Even though the World Trade Center was bombed in 1993, years before the events of September 11, 2001, neither the Internal Revenue Service nor most Americans viewed the threat of terrorism as a significant risk when traveling within the United States. Likewise, the drafters of Treasury Regulations Section 1.132-5(m) in 1985 could not have contemplated how social media and the internet would one day create additional risks for public figures and other notable people. Consequently, heightened concern about the personal safety of employees has caused many employers to reexamine their corporate security policies. Realizing the risks that they may face even while in the United States, many corporate executives are now more open to accepting the full range of protective measures that security professionals have determined to be necessary. In conjunction with upgrading their security programs, employers may want to consider developing an overall security program that qualifies for the special valuation rules in the working condition fringe benefit regulations.
This article reviews the tax requirements applicable to nongovernmental employees when using employer-provided transportation for security reasons. If the employer’s security program meets these requirements, the value of any additional security protection provided to transport those employees with respect to whom a bona fide business-oriented security concern exists may be excluded from income under Section 132(d) of the Internal Revenue Code.
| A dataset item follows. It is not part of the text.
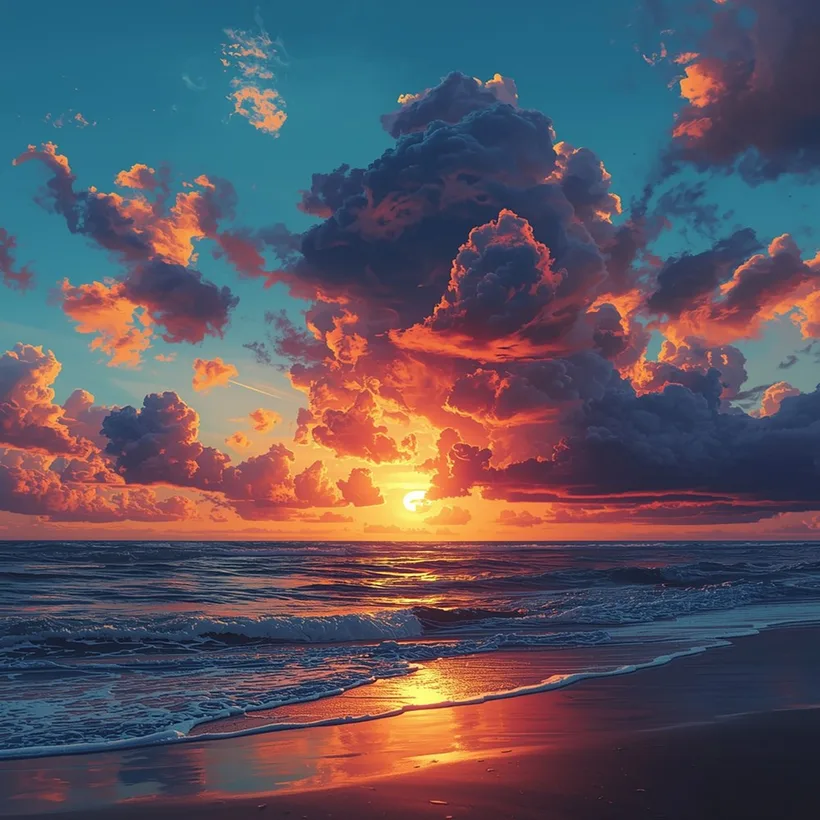 Sunset on the shore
Moreover, a special safe harbor rule for valuing flights on the corporate aircraft for security concerns permits the employer to value any personal flights at a rate that is generally more favorable than the rate provided under the rules used by companies to value flights on noncommercial aircraft.
Overview of Transportation-Related Security Rules
The working condition fringe benefit regulations3 permit employers to exclude from income a portion of the value of security protection provided to employees4 when transporting them for personal purposes in company cars or on corporate aircraft. To take advantage of these rules, the nongovernmental employer must prove that:
- a “bona fide business-oriented security concern” with respect to the employee exists at the time the security protection is provided; and
- if security protection is provided on a less-than-twenty-four-hour basis to the employee, the employer has obtained and consistently followed the recommendations of a study prepared by an independent security consultant who has objectively and reasonably assessed the type of security protection needed in each particular case.5
A “bona fide business-oriented security concern” exists only if the facts and circumstances establish a specific basis for concern regarding the employee’s safety. The examples given by the regulations are: 1) threats of death or kidnapping of, or serious bodily harm to, the employee receiving the protection or of a “similarly situated employee” or 2) a recent history of violent terrorist activity (such as bombings) in the geographic area in which the transportation is provided.6 In other words, the regulations contemplate a bona fide business-oriented security concern arising from specific threats to that employee’s or a similarly situated employee’s safety, as well as from the known existence of terrorist activity in the area in which the employee travels.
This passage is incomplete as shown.